Since 2015, Bartolotta has conducted hundreds of outreach or education events reaching more than 40,000 students, educators, resource managers, decision-makers, and coastal residents. She successfully developed an easily transportable education and awareness kit on marine debris in the Great Lakes called the “Trash Tote,” and recently started a workforce development program for trash removal technologies with students and teachers from underserved and underrepresented communities.
“I am very honored to receive this award. Sea Grant is an amazing program, filled with wonderful people helping their coastal communities,” Bartolotta said. “Congratulations to the other recipients who were honored alongside me.”
Through its network of extension educators and its use of engaging communication and education techniques, the Great Lakes Sea Grant Network plays a central role in supplying the region and the nation with usable solutions to pressing problems and providing the basic information needed to better manage Great Lakes resources for present and future generations of Americans.
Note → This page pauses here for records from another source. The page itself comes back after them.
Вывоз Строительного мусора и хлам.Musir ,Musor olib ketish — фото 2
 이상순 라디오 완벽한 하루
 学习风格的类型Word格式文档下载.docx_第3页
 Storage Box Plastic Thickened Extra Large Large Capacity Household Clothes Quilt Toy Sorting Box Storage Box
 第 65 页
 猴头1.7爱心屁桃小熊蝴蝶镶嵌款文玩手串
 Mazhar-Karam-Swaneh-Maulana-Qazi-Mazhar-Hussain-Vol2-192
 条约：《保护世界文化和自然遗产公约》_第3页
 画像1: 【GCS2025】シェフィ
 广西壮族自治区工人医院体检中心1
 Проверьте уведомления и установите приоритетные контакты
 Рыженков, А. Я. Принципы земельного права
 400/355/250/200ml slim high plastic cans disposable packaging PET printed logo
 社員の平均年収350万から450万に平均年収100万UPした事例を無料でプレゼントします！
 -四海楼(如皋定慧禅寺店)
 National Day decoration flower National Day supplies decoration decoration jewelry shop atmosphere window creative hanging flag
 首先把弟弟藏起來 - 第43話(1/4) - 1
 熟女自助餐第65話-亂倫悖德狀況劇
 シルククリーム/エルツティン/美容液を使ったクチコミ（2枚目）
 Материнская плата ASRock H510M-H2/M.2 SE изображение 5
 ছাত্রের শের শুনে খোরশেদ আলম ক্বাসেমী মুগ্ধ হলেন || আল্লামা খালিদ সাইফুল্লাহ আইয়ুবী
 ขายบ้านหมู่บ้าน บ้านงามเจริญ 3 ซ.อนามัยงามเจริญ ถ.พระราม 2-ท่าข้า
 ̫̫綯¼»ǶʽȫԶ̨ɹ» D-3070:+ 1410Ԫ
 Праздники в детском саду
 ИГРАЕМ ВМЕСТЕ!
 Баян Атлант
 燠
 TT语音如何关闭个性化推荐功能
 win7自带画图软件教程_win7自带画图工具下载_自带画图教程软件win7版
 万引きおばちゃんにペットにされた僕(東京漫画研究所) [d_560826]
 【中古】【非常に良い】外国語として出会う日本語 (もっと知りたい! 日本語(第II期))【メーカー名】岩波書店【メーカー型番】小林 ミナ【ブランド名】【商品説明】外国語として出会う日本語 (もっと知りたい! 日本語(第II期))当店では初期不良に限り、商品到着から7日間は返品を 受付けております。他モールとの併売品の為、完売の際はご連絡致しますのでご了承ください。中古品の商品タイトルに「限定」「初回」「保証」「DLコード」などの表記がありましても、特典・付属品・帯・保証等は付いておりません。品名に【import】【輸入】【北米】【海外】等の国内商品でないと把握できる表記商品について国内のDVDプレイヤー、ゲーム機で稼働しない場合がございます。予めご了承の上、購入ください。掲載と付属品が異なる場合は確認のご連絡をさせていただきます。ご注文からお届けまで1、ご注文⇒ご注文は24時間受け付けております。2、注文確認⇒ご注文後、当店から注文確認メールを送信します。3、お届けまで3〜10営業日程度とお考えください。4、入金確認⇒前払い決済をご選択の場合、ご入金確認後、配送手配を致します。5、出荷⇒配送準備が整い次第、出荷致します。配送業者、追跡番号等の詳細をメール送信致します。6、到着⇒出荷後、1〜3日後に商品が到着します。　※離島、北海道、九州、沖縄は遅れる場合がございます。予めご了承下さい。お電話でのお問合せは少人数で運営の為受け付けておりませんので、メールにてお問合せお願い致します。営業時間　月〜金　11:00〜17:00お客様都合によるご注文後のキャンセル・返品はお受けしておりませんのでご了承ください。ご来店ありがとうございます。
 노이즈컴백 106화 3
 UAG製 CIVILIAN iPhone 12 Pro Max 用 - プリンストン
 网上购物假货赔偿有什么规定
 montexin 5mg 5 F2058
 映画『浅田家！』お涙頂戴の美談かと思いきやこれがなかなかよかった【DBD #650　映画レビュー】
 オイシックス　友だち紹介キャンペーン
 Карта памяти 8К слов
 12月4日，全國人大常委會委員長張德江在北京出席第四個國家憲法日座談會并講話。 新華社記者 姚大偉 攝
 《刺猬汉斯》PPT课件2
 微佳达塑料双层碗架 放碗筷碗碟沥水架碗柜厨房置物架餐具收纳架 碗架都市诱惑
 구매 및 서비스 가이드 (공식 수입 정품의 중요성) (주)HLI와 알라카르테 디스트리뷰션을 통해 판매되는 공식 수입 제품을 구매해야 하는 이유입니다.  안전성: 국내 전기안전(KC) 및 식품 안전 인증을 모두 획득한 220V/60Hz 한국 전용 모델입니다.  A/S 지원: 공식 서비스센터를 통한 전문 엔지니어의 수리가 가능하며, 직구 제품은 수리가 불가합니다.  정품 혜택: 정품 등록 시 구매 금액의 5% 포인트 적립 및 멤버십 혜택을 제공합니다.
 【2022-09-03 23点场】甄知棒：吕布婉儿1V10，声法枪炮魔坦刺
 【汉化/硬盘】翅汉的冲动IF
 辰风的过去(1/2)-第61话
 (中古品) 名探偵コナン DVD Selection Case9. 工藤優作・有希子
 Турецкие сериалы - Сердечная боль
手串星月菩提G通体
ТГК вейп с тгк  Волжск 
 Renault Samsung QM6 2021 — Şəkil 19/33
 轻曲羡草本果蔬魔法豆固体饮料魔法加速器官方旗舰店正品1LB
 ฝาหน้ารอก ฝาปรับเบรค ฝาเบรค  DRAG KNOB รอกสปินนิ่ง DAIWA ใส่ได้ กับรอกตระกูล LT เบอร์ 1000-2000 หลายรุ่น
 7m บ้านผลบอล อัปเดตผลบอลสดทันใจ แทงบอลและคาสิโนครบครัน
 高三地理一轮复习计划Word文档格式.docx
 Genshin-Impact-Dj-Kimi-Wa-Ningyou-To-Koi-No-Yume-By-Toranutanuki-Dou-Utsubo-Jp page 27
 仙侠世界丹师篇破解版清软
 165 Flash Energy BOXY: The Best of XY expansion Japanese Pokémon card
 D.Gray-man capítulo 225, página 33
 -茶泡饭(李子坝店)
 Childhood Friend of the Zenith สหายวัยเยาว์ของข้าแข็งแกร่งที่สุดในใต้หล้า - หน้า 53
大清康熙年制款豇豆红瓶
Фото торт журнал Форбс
Ohio Sea Grant is supported by The Ohio State University College of Food, Agricultural, and Environmental Sciences (CFAES) School of Environment and Natural Resources, Ohio State University Extension, and NOAA Sea Grant, a network of 34 Sea Grant programs nation-wide dedicated to the protection and sustainable use of marine and Great Lakes resources. Stone Laboratory is Ohio State’s island campus on Lake Erie and is the research, education, and outreach facility of Ohio Sea Grant and part of CFAES School of Environment and Natural Resources.